■ **MATERIALS PROVIDED**:
++++++++++++++++++++
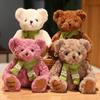 18cm Kawaii Scarf Bear Plush Toy Cute Hug Bear Boneca Urso Boneca Namorada Presente de Aniversário Boneca Travesseiro Presente de Natal Atacado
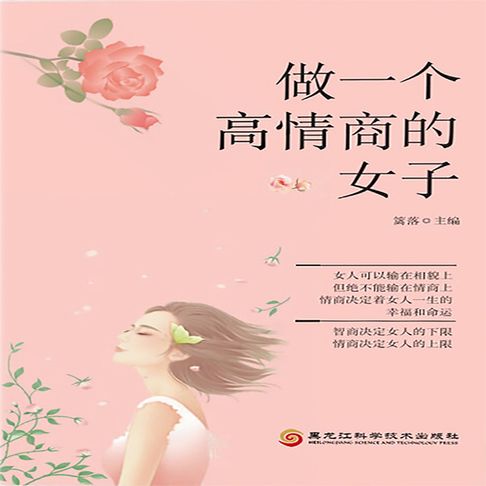 【有聲書】做一个高情商的女子 0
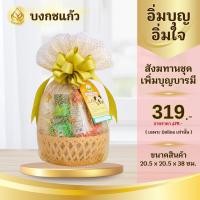 ราคา ชุดสังฆทานหรือชุดไทยธรรม ชุดเพิ่มบุญบารมี บงกชแก้ว (29051783642)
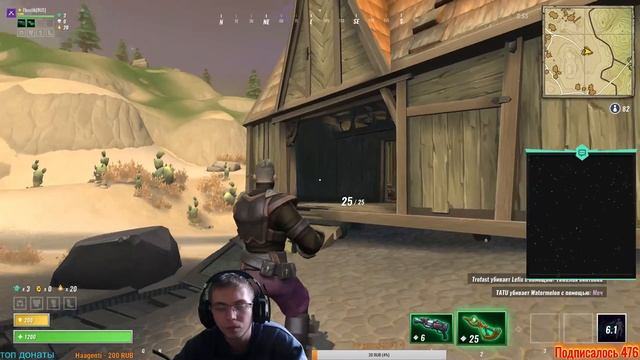 ОБНОВЛЕНИЕ В REALM ROYALE смотреть онлайн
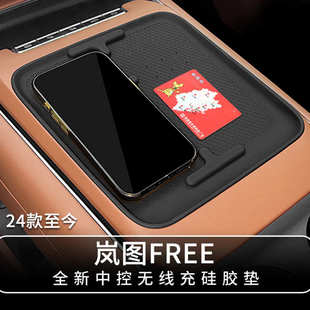 图内饰适用控岚无线24硅胶垫用防滑 物垫车载free款 汽车中25充置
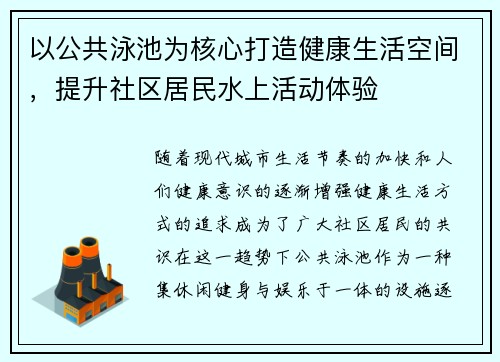 以公共泳池为核心打造健康生活空间，提升社区居民水上活动体验
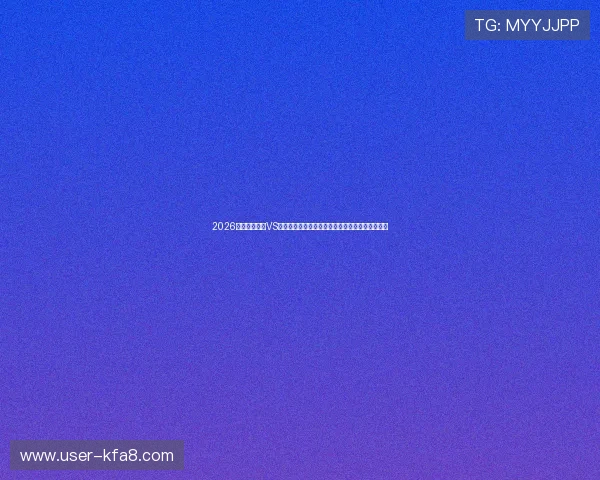 2026世界杯突尼斯VS荷兰中场对抗：双方核心球员表现与战术布局详解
++++++++++++++++++++
■ **DIRECTIONS FOR THIS TASK**: Give every record again word for word, pictures excluded.

■ **RESPONSE TO THIS EXERCISE**:
 18cm Kawaii Scarf Bear Plush Toy Cute Hug Bear Boneca Urso Boneca Namorada Presente de Aniversário Boneca Travesseiro Presente de Natal Atacado
 【有聲書】做一个高情商的女子 0
 ราคา ชุดสังฆทานหรือชุดไทยธรรม ชุดเพิ่มบุญบารมี บงกชแก้ว (29051783642)
 ОБНОВЛЕНИЕ В REALM ROYALE смотреть онлайн
 图内饰适用控岚无线24硅胶垫用防滑 物垫车载free款 汽车中25充置
 以公共泳池为核心打造健康生活空间，提升社区居民水上活动体验
 2026世界杯突尼斯VS荷兰中场对抗：双方核心球员表现与战术布局详解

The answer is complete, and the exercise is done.